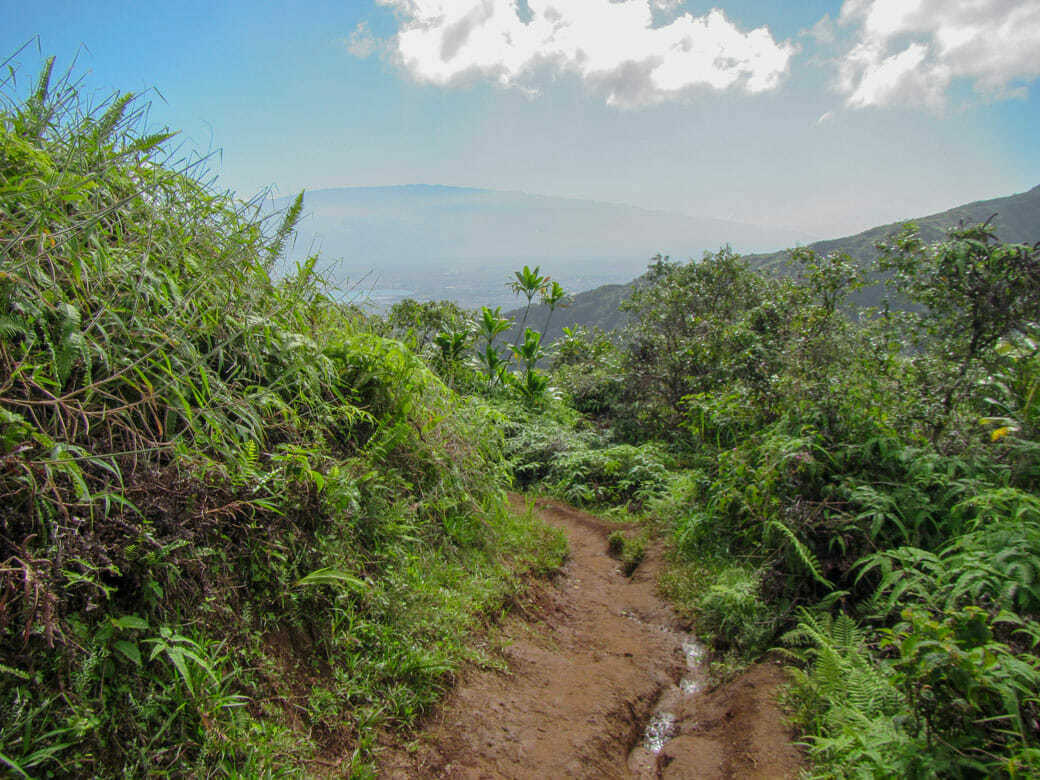 Waihee Ridge Trail 1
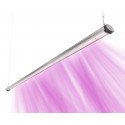 Barre Horticole LED SpectraB.2.G X90 120cm - Idéale pour croissance & floraison - 1
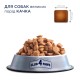 Club 4 Paws Adult Large Breeds Duck Сухий корм для дорослих собак великих порід з качкою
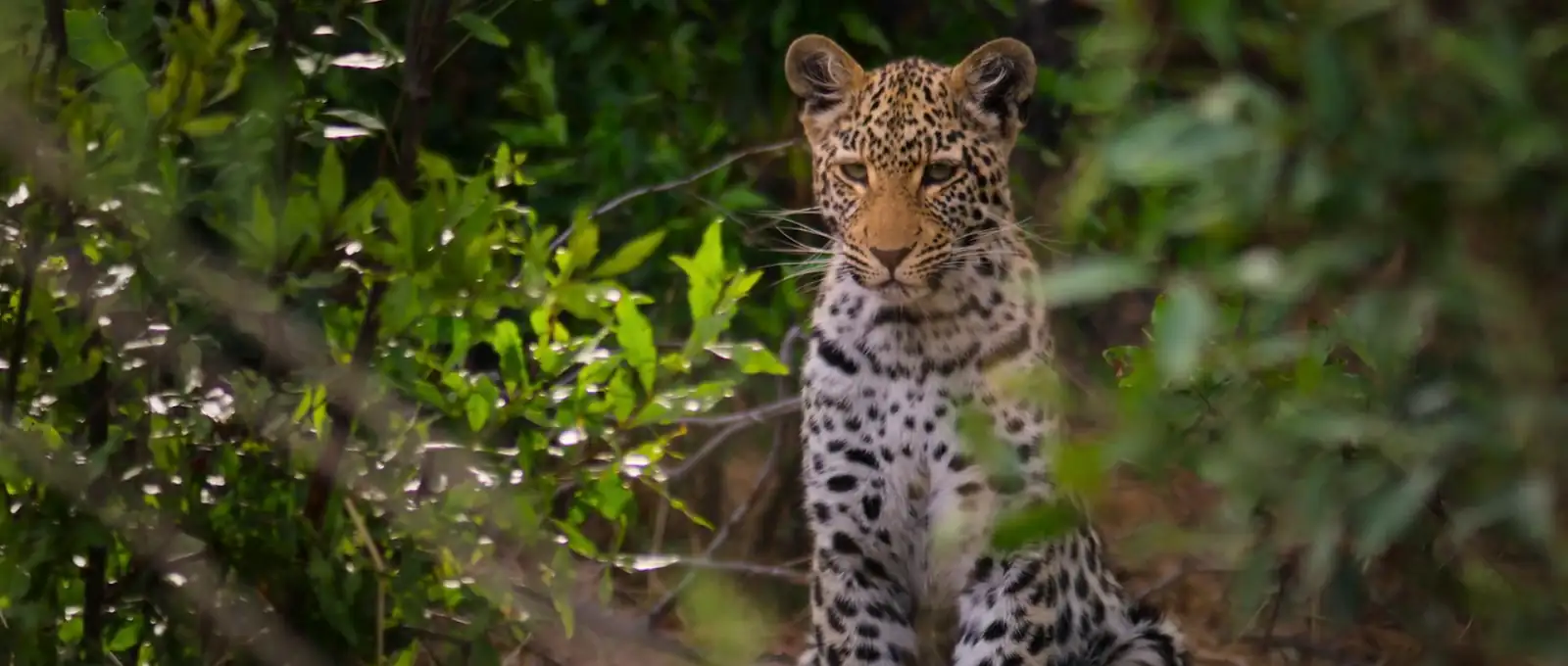 download living with leopards (2024) {english with subtitles} full movie web-dl 480p [200mb] | 720p [570mb] | 1080p [1.3gb]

■ What to do:
What you write must match, line for line, the lines from the one with "Barre Horticole LED" through the last line of the data above, minus the pictures.

■ Answer to this exercise:
 Barre Horticole LED SpectraB.2.G X90 120cm - Idéale pour croissance & floraison - 1
 Club 4 Paws Adult Large Breeds Duck Сухий корм для дорослих собак великих порід з качкою
 download living with leopards (2024) {english with subtitles} full movie web-dl 480p [200mb] | 720p [570mb] | 1080p [1.3gb]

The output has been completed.